Doğası gereği saplantılı bir insanım. Bir kelimenin peşinden yıllarca giderim, bir cümleyi kendime otuz sene dert edinirim. Atilla Atalay’ın bir hikâyesi vardır mesela, yıllar önce ilk bilgisayarımda kitaptan baka baka yazıp, ilk printer’ımda bastığım kâğıt hala cüzdanımdadır, arada çıkarır okurum, bazen yanıma koyar öylece dururum. Yazının da ismini söylemiyorum, benden başka kimse okumasın diye. Saplantılı bir insan olduğumu söylemiştim, bir de cümleler benim için her şeydir. Bütün bu bilgiler ışığında, en sevdiğim dizinin Poyraz Karayel olması elbette normal. Çünkü evet, bir sürü olaylar, çekimler, aksiyonlar var biliyorum, ama bu dizinin derdi aslında cümleler. Tek bir replik bile mi boş geçilmez bir dizide, geçilmiyor. Bir cümle bile mi laf olsun diye kurulmaz, kurulmuyor. En sevdiğim Poyraz Karayel repliklerini sıraladım bu vesileyle, en çok da kendime güzellik olsun diye.

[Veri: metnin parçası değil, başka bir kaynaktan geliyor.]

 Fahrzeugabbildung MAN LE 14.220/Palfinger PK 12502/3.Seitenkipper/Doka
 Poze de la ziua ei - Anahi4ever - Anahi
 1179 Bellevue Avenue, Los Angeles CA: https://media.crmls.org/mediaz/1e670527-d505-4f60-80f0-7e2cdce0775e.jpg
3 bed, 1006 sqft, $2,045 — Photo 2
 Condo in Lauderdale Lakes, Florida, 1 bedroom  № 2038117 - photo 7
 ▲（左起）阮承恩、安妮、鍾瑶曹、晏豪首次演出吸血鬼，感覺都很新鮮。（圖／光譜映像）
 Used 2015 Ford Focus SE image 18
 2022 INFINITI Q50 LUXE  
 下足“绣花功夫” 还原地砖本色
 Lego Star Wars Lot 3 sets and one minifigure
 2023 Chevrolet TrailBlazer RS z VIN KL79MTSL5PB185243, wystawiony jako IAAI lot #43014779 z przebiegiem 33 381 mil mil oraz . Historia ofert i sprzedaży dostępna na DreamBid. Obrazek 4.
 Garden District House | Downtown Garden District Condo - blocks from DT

Albay: Ülkemiz çocuklarına iyi davranmıyor.
Poyraz: Bu da ne biçim ülkemiz be?
İnsanın ülkesine kırılan kalbini bundan daha güzel anlatan cümle daha duymadım ben. Çünkü en yakın arkadaşını sever gibi seversin bazen ülkeni, onun seni sevmediğini düşününce de kalbin aynı yerden kırılır. Üzülürsün, diyemezsin. Başkasını bulurum dersin, yapamazsın. O seni sevene kadar derman bulamazsın. Hoş geldin kırık kalpler.